Short web captions:
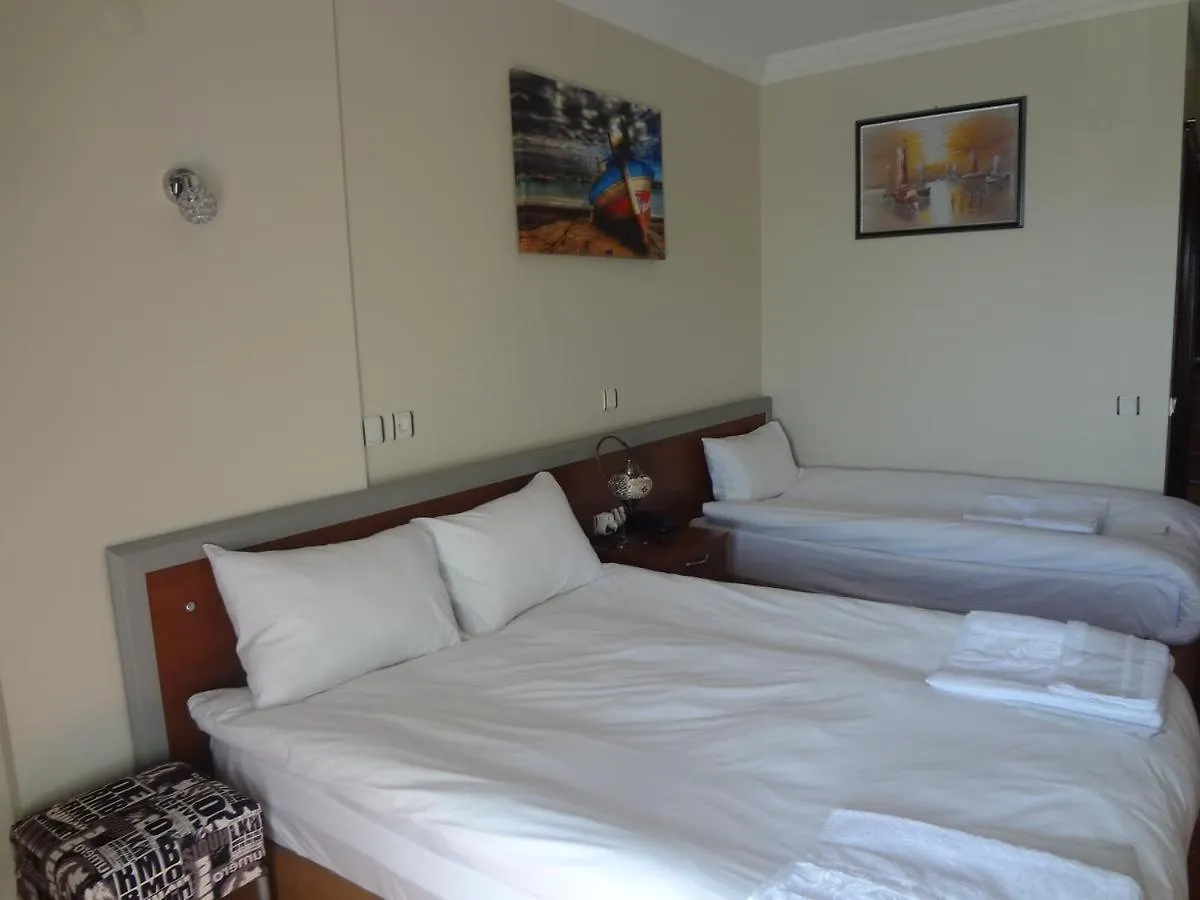 Linda Butik Otel Guemuelduer Izmir Hotel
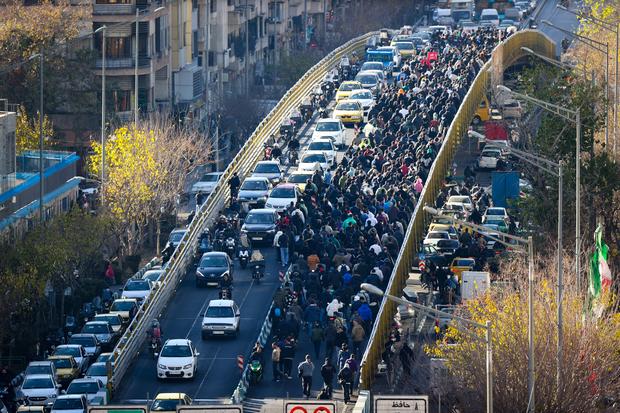 Wirtschaftskrise im Iran: Protestierende in Irans Hauptstadt
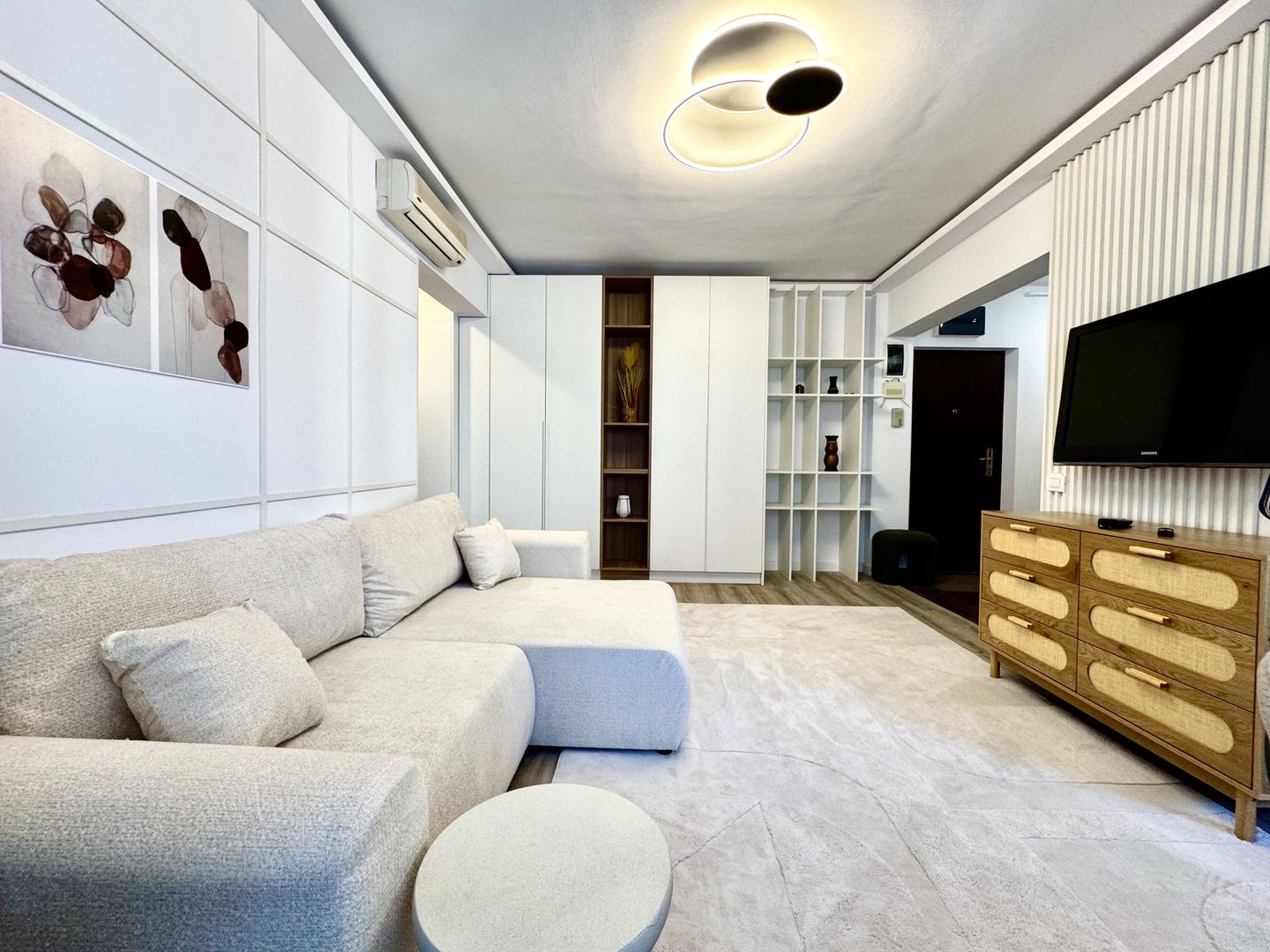 Apartament cu stil, eleganță și energie vibrantă, în Piața Victoriei - Poză 6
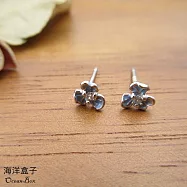 水藍三葉迷你小花朵S925純銀耳環.外鍍專櫃級正白K.貼耳耳環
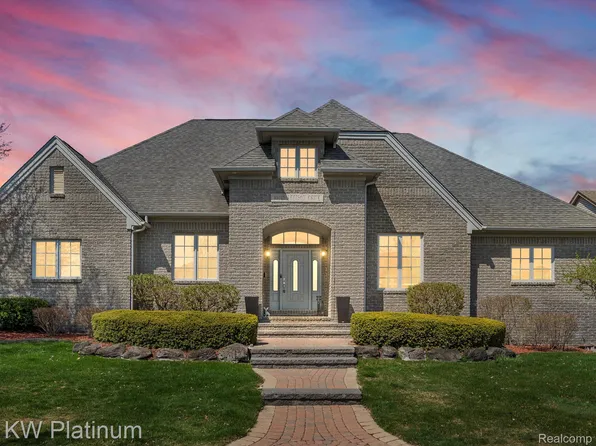 35743 Addison Dr, New Baltimore, MI 48047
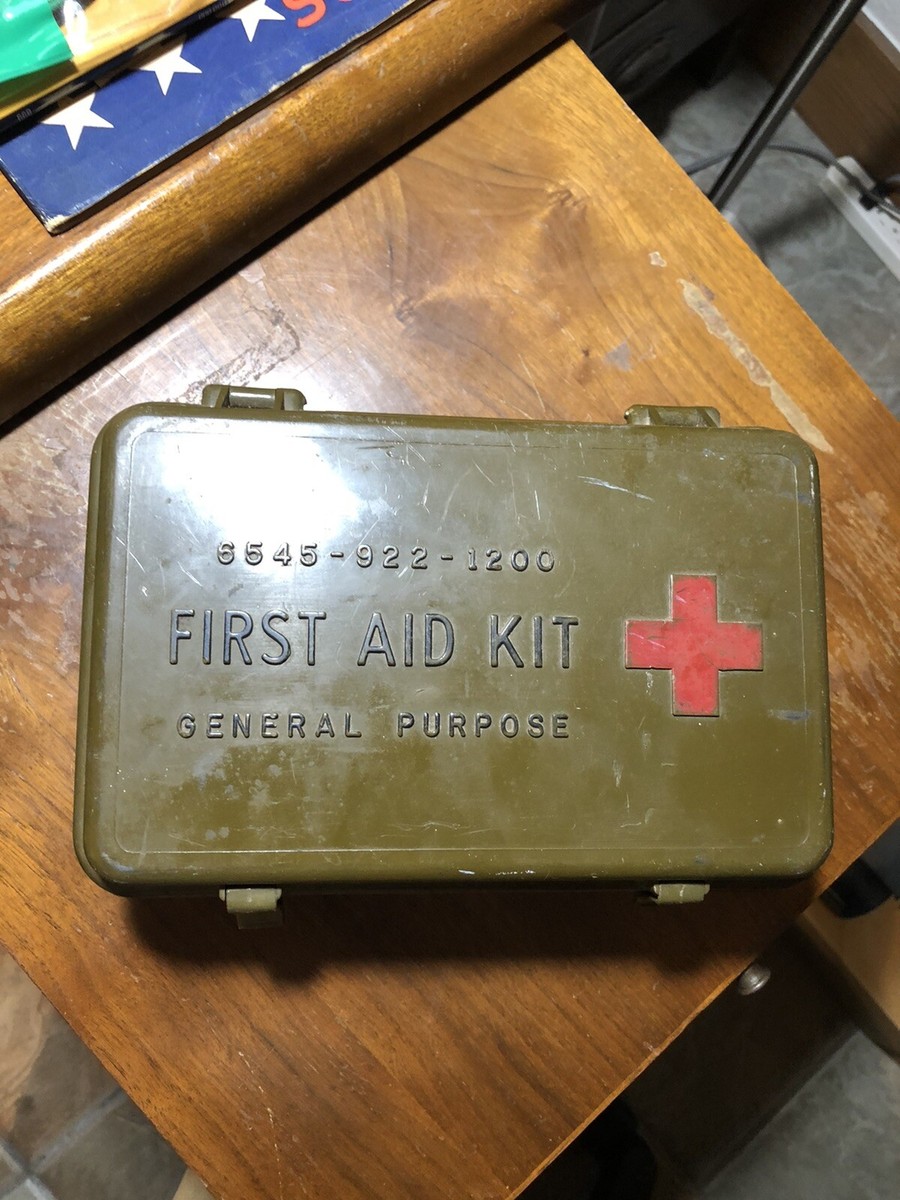 US Military Issue Vietnam Era FIRST AID KIT General Purpose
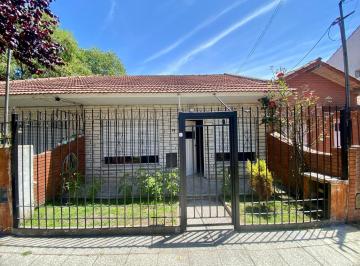 Casa · 50m² · 3 Ambientes · Latorre Prop. Vende Chalet en PH - Hermoso Entorno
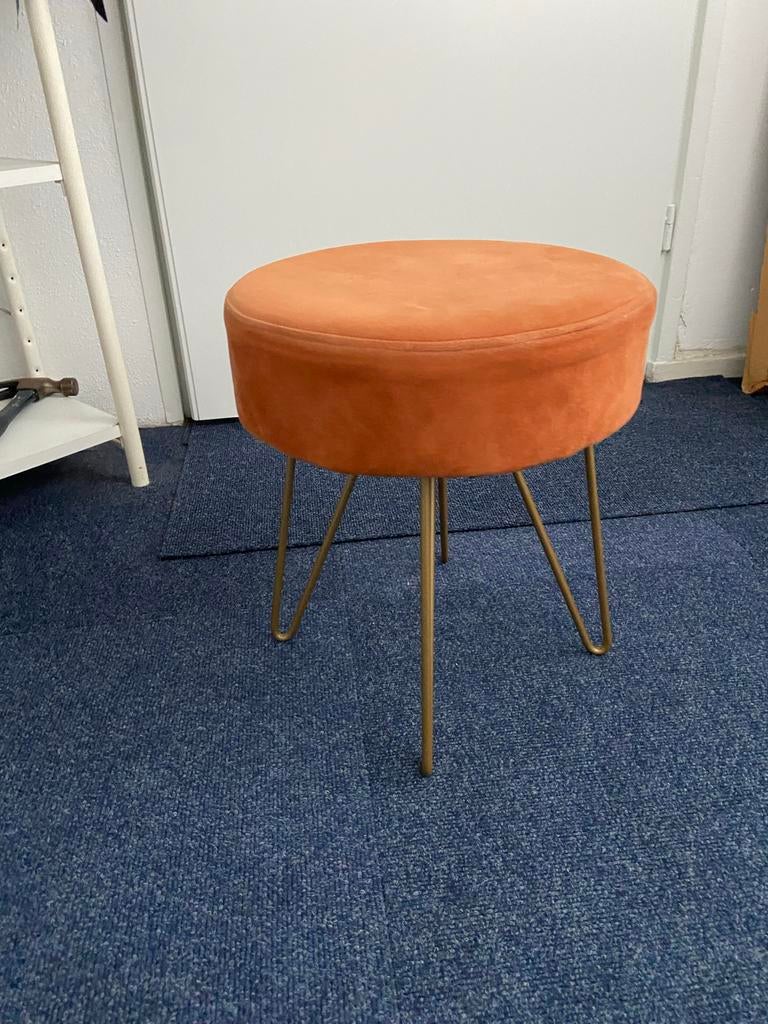 Leuk krukje met gouden poten, hoogte 45cm, Huis en Inrichting, Krukjes, Ophalen, Zo goed als nieuw, IJzer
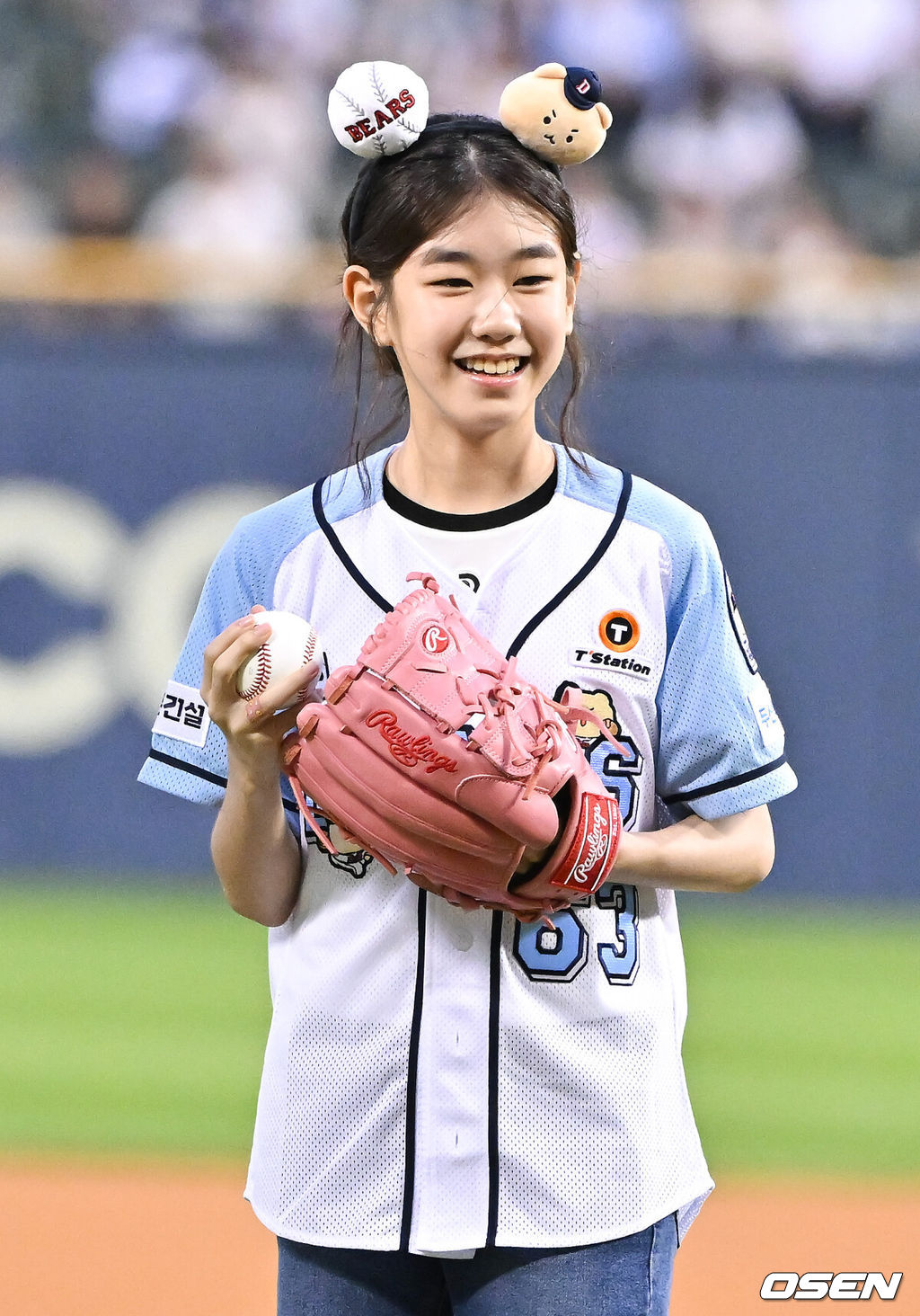 19일 오후 서울 잠실구장에서 ‘2024 신한 SOL BANK KBO리그’ 두산 베어스와 KIA 타이거즈의 경기가 진행됐다.이날 두산은 최승용을, KIA는 스타우트를 선발투수로 내세웠다.경기 앞서 아역배우 박소이가 시구하고 있다.   2024.09.19  / soul1014@osen.co.kr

[Task to complete] Start at the top line above and repeat the records verbatim, leaving images out.

[Task answer]
 Linda Butik Otel Guemuelduer Izmir Hotel
 Wirtschaftskrise im Iran: Protestierende in Irans Hauptstadt
 Apartament cu stil, eleganță și energie vibrantă, în Piața Victoriei - Poză 6
 水藍三葉迷你小花朵S925純銀耳環.外鍍專櫃級正白K.貼耳耳環
 35743 Addison Dr, New Baltimore, MI 48047
 US Military Issue Vietnam Era FIRST AID KIT General Purpose
 Casa · 50m² · 3 Ambientes · Latorre Prop. Vende Chalet en PH - Hermoso Entorno
 Leuk krukje met gouden poten, hoogte 45cm, Huis en Inrichting, Krukjes, Ophalen, Zo goed als nieuw, IJzer
 19일 오후 서울 잠실구장에서 ‘2024 신한 SOL BANK KBO리그’ 두산 베어스와 KIA 타이거즈의 경기가 진행됐다.이날 두산은 최승용을, KIA는 스타우트를 선발투수로 내세웠다.경기 앞서 아역배우 박소이가 시구하고 있다.   2024.09.19  / soul1014@osen.co.kr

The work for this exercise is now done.